Dès que le chien a flairé une truffe, il marque l’emplacement avec sa patte, puis se couche au sol. "Je lui demande de ne pas creuser car Mira pourrait abîmer la truffe en grattant la terre. Ça c’est mon boulot !", insiste le trufficulteur qui sort un petit outil à manche court, le cavadou.
L’ensemble de ces actions, s’appelle le cavage. C’est l’action de trouver et de déterrer grâce à un chien ou un porc, des truffes.
Toute la production de truffes d’Alsace de Jean-Luc Halter est pour l’instant destinée aux grands restaurants de la région qui réservent longtemps à l’avance ces truffes rares. Pour les particuliers, selon les arrivages, il est parfois possible de s’en procurer à la ferme du Gaveur du Kochersberg à Woellenheim (Bas-Rhin).
Alsace, terre de truffes
Si aujourd’hui, l’Alsace est considérée comme une terre insolite de la production de truffes, ce ne fut pas toujours le cas dans l’histoire de la gastronomie française.

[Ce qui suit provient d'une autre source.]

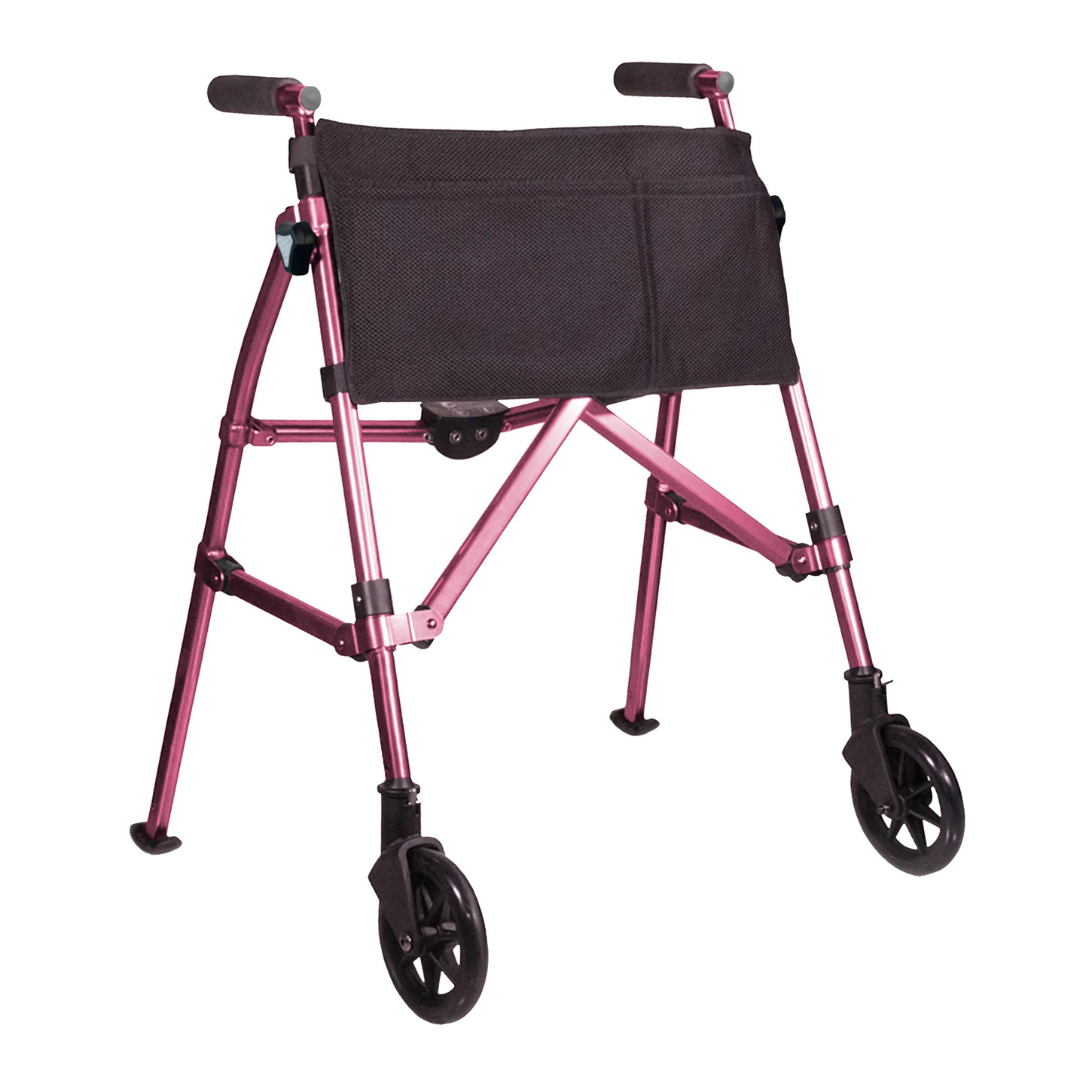 The Stander Bariatric Wonder Walker Plus with Wheels is a lightweight, compact pink folding walker featuring black handles, four wheels, and a front-attached black storage pouch for convenient mobility.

L’un de ses plus fervents admirateurs et consommateurs a été Louis XIV. Il dépêchait, en personne, son ministre de la Guerre, François Michel Le Tellier de Louvois pour l’approvisionner en truffes de Sainte-Marie-aux-Mines (Haut-Rhin). De même, c’est à Strasbourg au XVIIIème siècle, qu’ont été dressé pour la première fois des meutes de chiens truffiers. Ce sont les deux guerres mondiales successives qui ont scellé les savoirs et les connaissances des paysans sur le cavage. La transmission des compétences s’est perdue.
C’est d’autant plus dommage que les anciennes terres volcaniques de la région, peu acides, notamment tout le long du piémont vosgien sont particulièrement propices à la croissance des truffes.
Heureusement, depuis 2019, la filière de la trufficulture s’est organisée dans une association "Truffes d’Alsace" qui vise à promouvoir le produit et à former. Elle regroupe une trentaine de trufficulteurs des deux départements. Désormais, tous les ans, en octobre, la fête du champignon d’Eguisheim (Haut-Rhin) accueille un marché de la truffe fraîche. Le cours de la truffe sur ce marché avoisinait 550 €, en 2024. En magasin, il est aujourd’hui à plus de 800 €.